DIRECTIONS FOR THIS TASK | Within the listing below, the lines to output run from the one containing "color image TLP" through the one containing "BIM, una herramienta"; copy them exactly and nothing else.
(EXCERPTED DATA)
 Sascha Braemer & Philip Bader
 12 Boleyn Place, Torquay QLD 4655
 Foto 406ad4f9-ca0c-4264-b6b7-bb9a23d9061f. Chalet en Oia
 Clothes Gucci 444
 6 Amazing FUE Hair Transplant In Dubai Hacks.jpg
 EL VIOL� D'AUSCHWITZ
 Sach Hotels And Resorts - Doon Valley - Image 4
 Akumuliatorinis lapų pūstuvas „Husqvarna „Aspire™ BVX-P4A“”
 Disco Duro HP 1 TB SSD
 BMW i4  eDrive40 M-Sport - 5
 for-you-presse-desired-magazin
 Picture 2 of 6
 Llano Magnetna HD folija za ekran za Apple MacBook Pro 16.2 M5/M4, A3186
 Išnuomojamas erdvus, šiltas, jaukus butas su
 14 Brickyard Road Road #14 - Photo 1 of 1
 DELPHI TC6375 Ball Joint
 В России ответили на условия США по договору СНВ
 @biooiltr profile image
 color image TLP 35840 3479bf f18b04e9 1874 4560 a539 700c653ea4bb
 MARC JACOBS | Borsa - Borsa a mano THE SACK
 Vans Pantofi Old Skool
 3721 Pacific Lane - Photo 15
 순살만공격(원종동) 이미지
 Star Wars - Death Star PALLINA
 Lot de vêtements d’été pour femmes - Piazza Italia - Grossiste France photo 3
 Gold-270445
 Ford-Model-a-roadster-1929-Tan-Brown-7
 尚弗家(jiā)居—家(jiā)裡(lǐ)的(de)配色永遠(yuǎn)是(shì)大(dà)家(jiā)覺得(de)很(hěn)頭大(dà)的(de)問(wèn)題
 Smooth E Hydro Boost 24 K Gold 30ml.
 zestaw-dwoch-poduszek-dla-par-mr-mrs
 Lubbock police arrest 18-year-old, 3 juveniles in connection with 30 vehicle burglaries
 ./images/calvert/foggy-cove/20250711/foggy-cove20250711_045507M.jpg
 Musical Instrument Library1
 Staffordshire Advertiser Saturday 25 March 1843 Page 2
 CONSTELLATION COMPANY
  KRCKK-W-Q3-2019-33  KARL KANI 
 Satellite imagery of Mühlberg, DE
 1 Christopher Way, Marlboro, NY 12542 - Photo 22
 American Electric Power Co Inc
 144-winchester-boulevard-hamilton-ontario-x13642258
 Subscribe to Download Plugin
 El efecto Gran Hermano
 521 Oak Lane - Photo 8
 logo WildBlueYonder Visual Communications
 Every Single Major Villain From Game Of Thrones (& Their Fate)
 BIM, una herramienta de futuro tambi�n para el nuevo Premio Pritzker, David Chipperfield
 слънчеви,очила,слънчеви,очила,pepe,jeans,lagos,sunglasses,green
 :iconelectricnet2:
(End EXCERPTED DATA)
OUTPUT FOR THIS EXERCISE |
 color image TLP 35840 3479bf f18b04e9 1874 4560 a539 700c653ea4bb
 MARC JACOBS | Borsa - Borsa a mano THE SACK
 Vans Pantofi Old Skool
 3721 Pacific Lane - Photo 15
 순살만공격(원종동) 이미지
 Star Wars - Death Star PALLINA
 Lot de vêtements d’été pour femmes - Piazza Italia - Grossiste France photo 3
 Gold-270445
 Ford-Model-a-roadster-1929-Tan-Brown-7
 尚弗家(jiā)居—家(jiā)裡(lǐ)的(de)配色永遠(yuǎn)是(shì)大(dà)家(jiā)覺得(de)很(hěn)頭大(dà)的(de)問(wèn)題
 Smooth E Hydro Boost 24 K Gold 30ml.
 zestaw-dwoch-poduszek-dla-par-mr-mrs
 Lubbock police arrest 18-year-old, 3 juveniles in connection with 30 vehicle burglaries
 ./images/calvert/foggy-cove/20250711/foggy-cove20250711_045507M.jpg
 Musical Instrument Library1
 Staffordshire Advertiser Saturday 25 March 1843 Page 2
 CONSTELLATION COMPANY
  KRCKK-W-Q3-2019-33  KARL KANI 
 Satellite imagery of Mühlberg, DE
 1 Christopher Way, Marlboro, NY 12542 - Photo 22
 American Electric Power Co Inc
 144-winchester-boulevard-hamilton-ontario-x13642258
 Subscribe to Download Plugin
 El efecto Gran Hermano
 521 Oak Lane - Photo 8
 logo WildBlueYonder Visual Communications
 Every Single Major Villain From Game Of Thrones (& Their Fate)
 BIM, una herramienta de futuro tambi�n para el nuevo Premio Pritzker, David Chipperfield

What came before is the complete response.